**EXERCISE DIRECTIONS**:
Copy exactly the stretch of data below from the line with "Main view of" through the line with "Tanker Hạng C Bất Tử - Chapter 20 - Page 117", including both of those lines.

Top of SUPPLIED DATA

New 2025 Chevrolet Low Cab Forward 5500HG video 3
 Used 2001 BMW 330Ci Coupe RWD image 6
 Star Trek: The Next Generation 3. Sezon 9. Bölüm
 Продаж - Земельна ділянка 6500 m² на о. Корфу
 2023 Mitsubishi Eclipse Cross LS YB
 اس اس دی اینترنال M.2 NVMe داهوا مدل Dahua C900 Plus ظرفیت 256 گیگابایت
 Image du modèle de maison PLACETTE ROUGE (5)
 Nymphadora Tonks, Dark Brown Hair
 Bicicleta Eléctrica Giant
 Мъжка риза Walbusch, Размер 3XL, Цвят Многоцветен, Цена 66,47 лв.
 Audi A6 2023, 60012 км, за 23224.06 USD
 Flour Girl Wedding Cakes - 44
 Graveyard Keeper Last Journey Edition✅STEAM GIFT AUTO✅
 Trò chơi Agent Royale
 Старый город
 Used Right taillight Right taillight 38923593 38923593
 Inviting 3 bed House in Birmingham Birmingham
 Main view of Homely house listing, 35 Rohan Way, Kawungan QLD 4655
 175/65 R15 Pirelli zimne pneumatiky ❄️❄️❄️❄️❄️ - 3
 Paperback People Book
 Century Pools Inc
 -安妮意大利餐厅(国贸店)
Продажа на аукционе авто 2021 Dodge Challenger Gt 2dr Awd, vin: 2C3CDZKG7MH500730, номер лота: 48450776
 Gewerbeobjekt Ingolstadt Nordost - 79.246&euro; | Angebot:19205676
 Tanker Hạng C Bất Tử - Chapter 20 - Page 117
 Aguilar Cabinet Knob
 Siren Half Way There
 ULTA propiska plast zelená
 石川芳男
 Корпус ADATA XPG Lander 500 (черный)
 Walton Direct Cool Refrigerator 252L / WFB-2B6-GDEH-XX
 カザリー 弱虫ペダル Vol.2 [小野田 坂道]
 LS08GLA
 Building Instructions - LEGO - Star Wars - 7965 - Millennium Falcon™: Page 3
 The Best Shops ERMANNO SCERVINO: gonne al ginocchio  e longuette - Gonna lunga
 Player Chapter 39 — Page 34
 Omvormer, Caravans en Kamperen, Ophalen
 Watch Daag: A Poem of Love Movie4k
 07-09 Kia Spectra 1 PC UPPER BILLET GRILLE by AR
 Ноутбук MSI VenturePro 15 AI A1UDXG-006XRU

Bottom of SUPPLIED DATA

**EXERCISE RESULT**:
 Main view of Homely house listing, 35 Rohan Way, Kawungan QLD 4655
 175/65 R15 Pirelli zimne pneumatiky ❄️❄️❄️❄️❄️ - 3
 Paperback People Book
 Century Pools Inc
 -安妮意大利餐厅(国贸店)
Продажа на аукционе авто 2021 Dodge Challenger Gt 2dr Awd, vin: 2C3CDZKG7MH500730, номер лота: 48450776
 Gewerbeobjekt Ingolstadt Nordost - 79.246&euro; | Angebot:19205676
 Tanker Hạng C Bất Tử - Chapter 20 - Page 117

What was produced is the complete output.